17 May 2017 EXTRACTING DATA FROM TALEO
Over the past few years we have seen companies focusing more and more on Human Resources / Human Capital activities. This is no surprise, considering that nowadays a large number of businesses depend more on people skills and creativity than on machinery or capital, so hiring the right people has become a critical process. As a consequence, more and more emphasis is put on having the right software to support HR/HC activities, and this in turn leads to the necessity of building a BI solution on top of those systems for a correct evaluation of processes and resources. One of the most commonly used HR systems is Taleo, an Oracle product that resides in the cloud, so there is no direct access to its underlying data. Nevertheless, most BI systems are still on-premise, so if we want to use Taleo data, we need to extract it from the cloud first.
1. Taleo data extraction methods
As mentioned before, there is no way of direct access to Taleo data; nevertheless, there are several ways to extract it, and once extracted we will be able to use it in the BI solution:
• | Querying Taleo API |
• | Using Cloud Connector |
• | Using Taleo Connect Client |
API is very robust, but the most complex of the methods, since it requires a separate application to be written. Usually, depending on the configuration of the BI system, either Oracle Cloud Connector, Taleo Connect Client or a combination of both is used.
Figure 1: Cloud connector in ODI objects tree |
Oracle Cloud Connector is a component of OBI Apps, and essentially it’s Java code that replicates Taleo entities / tables. It’s also easy to use: just by creating any Load Plan in BIACM using Taleo as the source system, a series of calls to Cloud Connector are generated that effectively replicate Taleo tables to local schema. Although it works well, it has 2 significant disadvantages:
• | It’s only available as a component of BI Apps |
• | It doesn’t extract Taleo UDFs |
So even if we have BI Apps installed and we use Cloud Connector, there will be some columns (UDFs) that will not get extracted. This is why the use of Taleo Connect Client is often a must.
2. Taleo Connect Client
Taleo Connect Client is a tool that is used to export or import data from / to Taleo. In this article we’re going to focus on extraction. It can extract any field, including UDFs, so it can be used in combination with BI Apps Cloud Connector or, if that’s not available, then as a unique extraction tool. There are versions for both Windows and Linux operating systems. Let’s look at the Windows version first.

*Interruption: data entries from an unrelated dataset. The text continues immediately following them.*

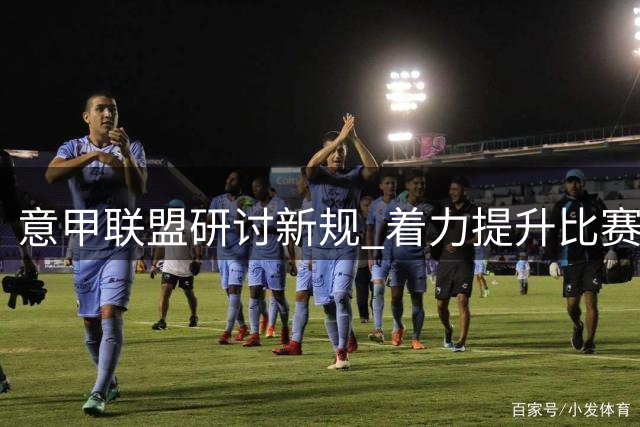 意甲联盟研讨新规 着力提升比赛净时长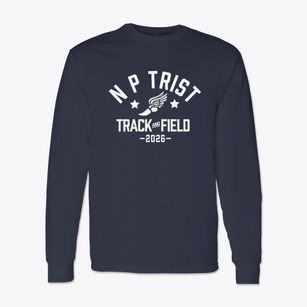 N P Trist Middle School Track and Field Classic Long Sleeve T-Shirt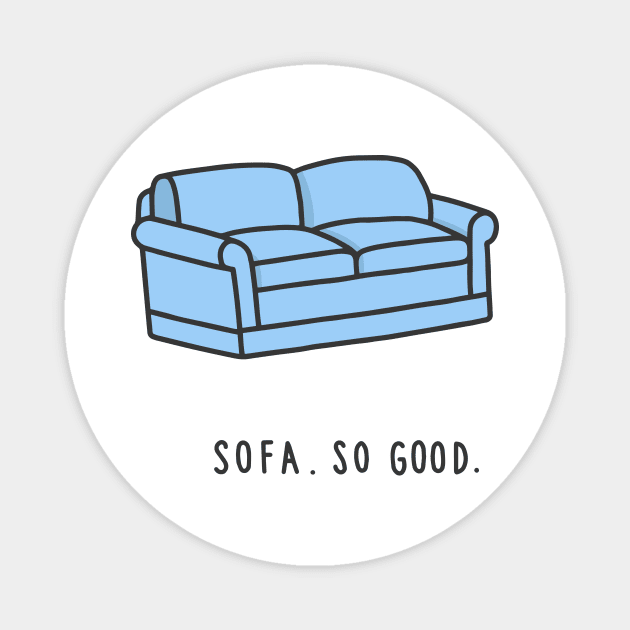 Sofa Magnet by Haasbroek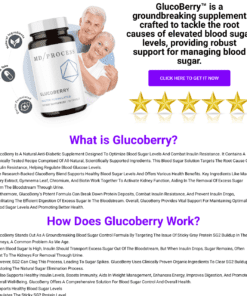 Glucoberry Landing Page Website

Part 1 – Installation & running:
Taleo Connect Client can be downloaded from the Oracle e-delivery website; just type Taleo Connect Client into the searcher and you will see it on the list. Choose the necessary version, select Application Installer and Application Data Model (required!), remembering that it must match the version of the Taleo application you will be working with; then just download and install. Important – the Data Model must be installed before the application is installed.
Figure 2: Downloading TCC for Windows |
After TCC is installed, we run it, providing the necessary credentials in the initial screen:
Figure 3: Taleo Connect Client welcome screen |
And then, after clicking on ‘ping’, we connect to Taleo. The window that we see is initially empty, but we can create or execute new extracts from it. But before going on to this step, let’s find out how to see the UDFs: in the right panel, go to the ‘Product integration pack’ tab, also selecting the correct product and model. Then, in the Entities tab, we can see a list of entities / tables, and in fields / relations, we can see columns and relations with other entities / tables (through foreign keys). After the first run, you will probably have some UDFs that are not on the list of fields / relations available. Why is this? Because what we initially see in the field list are only Taleo out-of-the-box fields, installed with the Data Model installer. But don’t worry, this can easily be fixed: use the ‘Synchronize custom fields’ icon (highlighted on the screenshot). After clicking on it you will be taken to a log-on screen where you’ll have to provide log-on credentials again, and after clicking on the ‘Synchronize’ button, the UDFs will be retrieved.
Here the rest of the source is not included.